The Veszprém House of Arts

MúzeumCafé 47.

quarter’ – The Veszprém House of Arts

Veszprém is a one of Hungary’s smallest county capitals, which has significant historical and ecclesiastical traditions. Its population increased dramatically in the second third of the last century and after World War II it became a university town. Its dual museum structure comprises a county (today town) museum (the Laczkó Dezső Museum) and a municipal Arts Centre. The museum handles the traditional local history, ethnographic and archaeological collections, while the Centre deals with the fine arts exhibitions. At the same time, establishing a ‘picture gallery’ continues to feature in the town’s cultural plans, since such a place still does not exist among Veszprém’s museums, related institutes and exhibition spaces – or rather only in name. After the 1989-90 political changes, the listless community centres housed in run-down, out-of-date buildings in large provincial towns were systematically replaced or complemented by ‘arts centres’, which in their function, like their predecessors, are multi-arts, albeit that the activities of the former community centres (providing homes for chess clubs, pensioners’ groups, etc.) have been entirely transformed culturally – as theatres, film clubs and places for literary events and exhibitions. Where possible, the buildings were modernised, as with the cinema in Miskolc or the synagogue in Szekszárd.

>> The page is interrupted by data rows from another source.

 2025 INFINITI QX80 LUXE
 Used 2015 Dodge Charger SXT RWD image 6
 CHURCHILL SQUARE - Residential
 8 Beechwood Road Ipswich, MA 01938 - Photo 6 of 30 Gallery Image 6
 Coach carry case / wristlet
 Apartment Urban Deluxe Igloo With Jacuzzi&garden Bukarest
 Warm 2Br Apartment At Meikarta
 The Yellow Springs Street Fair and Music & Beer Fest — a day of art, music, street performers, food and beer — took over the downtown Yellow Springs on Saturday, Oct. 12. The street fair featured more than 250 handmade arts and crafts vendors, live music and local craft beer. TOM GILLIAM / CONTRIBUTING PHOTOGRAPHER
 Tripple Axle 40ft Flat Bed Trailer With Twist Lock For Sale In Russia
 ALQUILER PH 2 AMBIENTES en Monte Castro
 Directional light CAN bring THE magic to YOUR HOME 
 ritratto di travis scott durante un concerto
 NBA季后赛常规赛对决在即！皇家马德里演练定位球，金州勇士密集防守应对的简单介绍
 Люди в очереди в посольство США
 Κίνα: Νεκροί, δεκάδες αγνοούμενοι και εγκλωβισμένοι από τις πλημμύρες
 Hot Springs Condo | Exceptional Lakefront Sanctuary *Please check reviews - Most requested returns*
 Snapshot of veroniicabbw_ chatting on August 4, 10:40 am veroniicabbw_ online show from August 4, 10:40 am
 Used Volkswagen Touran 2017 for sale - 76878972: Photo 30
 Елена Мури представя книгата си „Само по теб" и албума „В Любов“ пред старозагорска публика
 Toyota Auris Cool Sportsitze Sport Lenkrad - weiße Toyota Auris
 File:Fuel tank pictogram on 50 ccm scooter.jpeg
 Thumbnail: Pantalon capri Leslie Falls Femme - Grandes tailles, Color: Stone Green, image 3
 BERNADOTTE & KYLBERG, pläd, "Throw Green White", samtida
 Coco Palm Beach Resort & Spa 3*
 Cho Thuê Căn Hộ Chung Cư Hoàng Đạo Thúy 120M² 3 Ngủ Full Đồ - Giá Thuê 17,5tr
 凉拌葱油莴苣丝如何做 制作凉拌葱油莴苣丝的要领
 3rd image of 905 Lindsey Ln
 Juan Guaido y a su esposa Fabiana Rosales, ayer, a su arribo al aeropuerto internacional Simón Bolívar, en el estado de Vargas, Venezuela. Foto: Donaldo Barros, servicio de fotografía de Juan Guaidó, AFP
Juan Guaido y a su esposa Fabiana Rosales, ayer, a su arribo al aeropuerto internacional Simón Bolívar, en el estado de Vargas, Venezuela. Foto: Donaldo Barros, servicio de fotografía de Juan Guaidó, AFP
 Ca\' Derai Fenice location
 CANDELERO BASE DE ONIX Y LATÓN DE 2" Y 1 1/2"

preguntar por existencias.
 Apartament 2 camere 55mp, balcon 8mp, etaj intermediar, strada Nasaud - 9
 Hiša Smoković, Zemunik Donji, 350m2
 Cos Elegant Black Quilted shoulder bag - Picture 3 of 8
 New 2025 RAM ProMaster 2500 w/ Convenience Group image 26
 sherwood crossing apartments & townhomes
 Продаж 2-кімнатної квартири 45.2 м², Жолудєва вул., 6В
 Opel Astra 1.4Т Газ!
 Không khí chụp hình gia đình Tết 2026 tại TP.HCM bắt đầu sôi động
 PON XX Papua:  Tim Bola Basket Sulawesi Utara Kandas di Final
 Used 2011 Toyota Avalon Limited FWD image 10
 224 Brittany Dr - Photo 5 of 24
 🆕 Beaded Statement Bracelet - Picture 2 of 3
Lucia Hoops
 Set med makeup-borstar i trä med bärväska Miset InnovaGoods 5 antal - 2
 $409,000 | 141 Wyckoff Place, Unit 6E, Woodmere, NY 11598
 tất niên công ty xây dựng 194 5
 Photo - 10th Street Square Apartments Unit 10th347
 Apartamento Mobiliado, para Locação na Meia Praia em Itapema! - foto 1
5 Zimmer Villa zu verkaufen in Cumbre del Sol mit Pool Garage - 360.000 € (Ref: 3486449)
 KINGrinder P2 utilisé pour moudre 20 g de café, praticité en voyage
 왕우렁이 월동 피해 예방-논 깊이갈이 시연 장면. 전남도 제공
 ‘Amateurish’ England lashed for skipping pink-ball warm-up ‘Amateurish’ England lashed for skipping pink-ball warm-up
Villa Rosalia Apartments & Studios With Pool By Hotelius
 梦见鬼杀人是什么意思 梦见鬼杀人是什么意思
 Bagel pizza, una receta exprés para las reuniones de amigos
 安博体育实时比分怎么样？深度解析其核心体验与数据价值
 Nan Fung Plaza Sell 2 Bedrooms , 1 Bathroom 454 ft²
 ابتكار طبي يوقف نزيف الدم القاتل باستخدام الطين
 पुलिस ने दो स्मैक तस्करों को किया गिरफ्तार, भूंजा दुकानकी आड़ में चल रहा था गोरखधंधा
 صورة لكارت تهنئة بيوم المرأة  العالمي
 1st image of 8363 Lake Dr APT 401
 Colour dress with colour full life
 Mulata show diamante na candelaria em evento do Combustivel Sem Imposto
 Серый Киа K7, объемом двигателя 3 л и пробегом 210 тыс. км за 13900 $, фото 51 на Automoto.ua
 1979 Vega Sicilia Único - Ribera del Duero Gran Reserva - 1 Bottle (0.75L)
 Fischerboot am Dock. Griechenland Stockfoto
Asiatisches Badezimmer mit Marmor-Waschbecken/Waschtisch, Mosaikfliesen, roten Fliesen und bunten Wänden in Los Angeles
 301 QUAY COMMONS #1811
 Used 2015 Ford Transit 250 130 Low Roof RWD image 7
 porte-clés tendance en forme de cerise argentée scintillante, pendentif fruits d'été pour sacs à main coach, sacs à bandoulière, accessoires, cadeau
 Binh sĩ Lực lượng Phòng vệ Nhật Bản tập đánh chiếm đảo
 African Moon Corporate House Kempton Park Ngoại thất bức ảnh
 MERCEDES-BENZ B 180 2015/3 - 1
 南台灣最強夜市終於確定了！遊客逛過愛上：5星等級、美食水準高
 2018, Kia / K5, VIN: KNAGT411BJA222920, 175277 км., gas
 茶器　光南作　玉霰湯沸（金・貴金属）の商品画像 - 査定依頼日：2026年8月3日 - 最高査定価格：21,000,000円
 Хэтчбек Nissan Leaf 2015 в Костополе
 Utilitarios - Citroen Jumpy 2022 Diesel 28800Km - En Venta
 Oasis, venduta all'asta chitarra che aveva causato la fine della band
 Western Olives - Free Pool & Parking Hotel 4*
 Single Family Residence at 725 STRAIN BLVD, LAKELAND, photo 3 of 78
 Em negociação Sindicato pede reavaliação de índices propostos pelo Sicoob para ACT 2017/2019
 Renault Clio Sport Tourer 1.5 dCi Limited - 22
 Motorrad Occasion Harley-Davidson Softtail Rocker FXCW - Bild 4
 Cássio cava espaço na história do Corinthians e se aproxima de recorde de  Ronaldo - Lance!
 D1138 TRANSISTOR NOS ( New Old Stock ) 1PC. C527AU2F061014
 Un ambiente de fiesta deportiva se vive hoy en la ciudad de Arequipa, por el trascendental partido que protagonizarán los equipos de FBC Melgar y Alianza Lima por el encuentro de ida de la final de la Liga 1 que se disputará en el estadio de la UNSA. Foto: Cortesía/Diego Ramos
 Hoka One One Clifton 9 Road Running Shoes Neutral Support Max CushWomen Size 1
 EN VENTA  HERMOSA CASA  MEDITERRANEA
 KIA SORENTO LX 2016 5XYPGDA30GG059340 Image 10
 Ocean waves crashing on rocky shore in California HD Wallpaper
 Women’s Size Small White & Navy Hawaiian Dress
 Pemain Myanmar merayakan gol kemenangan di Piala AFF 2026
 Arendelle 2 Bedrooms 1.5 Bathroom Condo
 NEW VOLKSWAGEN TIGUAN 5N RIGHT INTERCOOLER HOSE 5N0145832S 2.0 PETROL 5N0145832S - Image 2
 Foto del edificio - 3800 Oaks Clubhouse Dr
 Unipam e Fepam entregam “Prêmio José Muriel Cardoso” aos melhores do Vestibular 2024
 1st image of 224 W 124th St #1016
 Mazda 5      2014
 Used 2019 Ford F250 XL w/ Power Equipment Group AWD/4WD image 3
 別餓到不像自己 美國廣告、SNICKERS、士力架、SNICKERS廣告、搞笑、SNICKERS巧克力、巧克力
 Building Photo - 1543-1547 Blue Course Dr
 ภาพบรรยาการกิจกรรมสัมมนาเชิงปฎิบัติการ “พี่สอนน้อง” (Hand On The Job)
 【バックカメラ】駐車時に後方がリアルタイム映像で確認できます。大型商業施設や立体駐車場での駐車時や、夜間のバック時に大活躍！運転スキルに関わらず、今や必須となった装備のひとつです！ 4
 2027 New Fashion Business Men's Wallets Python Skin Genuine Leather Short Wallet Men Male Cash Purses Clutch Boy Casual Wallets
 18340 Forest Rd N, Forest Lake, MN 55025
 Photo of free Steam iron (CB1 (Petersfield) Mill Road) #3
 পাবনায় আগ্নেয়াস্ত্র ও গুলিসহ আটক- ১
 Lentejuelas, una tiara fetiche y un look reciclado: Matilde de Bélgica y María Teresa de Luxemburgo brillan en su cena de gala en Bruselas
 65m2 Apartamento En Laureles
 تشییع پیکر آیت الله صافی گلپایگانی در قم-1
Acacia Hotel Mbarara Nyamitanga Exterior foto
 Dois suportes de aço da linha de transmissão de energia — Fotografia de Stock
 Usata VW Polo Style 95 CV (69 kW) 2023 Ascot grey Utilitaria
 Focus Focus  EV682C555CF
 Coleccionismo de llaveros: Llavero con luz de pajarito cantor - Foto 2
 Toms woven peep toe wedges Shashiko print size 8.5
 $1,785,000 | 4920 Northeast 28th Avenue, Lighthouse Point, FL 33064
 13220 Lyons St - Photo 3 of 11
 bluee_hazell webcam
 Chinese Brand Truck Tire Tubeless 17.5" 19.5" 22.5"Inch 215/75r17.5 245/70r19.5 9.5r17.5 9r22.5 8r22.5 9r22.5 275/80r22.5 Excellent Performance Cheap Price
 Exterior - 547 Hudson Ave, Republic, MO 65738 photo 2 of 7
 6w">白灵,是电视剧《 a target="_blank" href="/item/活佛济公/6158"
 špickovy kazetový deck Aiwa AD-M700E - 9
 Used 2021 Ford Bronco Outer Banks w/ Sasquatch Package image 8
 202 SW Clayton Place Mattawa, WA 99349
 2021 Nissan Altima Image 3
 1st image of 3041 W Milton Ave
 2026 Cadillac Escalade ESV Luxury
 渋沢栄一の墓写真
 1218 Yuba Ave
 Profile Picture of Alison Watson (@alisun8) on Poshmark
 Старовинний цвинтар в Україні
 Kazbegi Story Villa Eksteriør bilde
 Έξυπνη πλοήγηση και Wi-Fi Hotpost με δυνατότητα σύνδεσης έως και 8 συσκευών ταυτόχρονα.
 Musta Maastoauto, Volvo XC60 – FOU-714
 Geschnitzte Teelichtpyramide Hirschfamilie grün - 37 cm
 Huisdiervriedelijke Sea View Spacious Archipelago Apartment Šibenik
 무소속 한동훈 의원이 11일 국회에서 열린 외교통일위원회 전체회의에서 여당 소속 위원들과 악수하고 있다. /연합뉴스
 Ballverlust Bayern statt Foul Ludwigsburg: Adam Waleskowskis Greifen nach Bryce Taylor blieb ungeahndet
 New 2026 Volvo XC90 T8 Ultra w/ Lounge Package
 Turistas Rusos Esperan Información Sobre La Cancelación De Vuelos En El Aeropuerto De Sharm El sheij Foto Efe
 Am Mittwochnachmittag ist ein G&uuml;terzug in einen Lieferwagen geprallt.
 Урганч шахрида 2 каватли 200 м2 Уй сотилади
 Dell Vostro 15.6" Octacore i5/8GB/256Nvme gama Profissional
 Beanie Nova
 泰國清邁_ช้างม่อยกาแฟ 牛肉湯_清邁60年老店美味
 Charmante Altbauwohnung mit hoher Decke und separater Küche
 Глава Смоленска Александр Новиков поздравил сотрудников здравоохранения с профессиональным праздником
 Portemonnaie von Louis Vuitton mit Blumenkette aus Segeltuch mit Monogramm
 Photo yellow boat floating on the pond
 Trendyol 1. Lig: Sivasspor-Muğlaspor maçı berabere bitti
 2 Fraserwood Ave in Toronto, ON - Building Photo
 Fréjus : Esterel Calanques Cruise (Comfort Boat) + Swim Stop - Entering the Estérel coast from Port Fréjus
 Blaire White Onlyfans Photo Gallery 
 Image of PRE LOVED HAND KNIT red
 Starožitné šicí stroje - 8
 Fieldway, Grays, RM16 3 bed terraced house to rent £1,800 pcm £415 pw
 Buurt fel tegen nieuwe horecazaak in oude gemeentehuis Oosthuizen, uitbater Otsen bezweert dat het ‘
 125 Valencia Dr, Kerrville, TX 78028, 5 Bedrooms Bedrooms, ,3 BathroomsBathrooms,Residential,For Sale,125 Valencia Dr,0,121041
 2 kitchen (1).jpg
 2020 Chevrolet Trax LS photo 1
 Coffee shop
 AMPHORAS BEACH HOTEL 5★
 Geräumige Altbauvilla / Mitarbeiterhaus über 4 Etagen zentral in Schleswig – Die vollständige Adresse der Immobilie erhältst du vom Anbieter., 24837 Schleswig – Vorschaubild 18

By and large Veszprém has followed the same trajectory, since not only has the Arts Centre, founded in 1993, taken over part of the functions of the former Georgi Dimitrov County Community Centre, as well as its director and staff members, but at the same time a municipal Arts Centre was established. The former coordinates the arts life of the town and its region, while the latter sees to educational tasks. Veszprém’s Arts Centre is a cultural venue with many activities.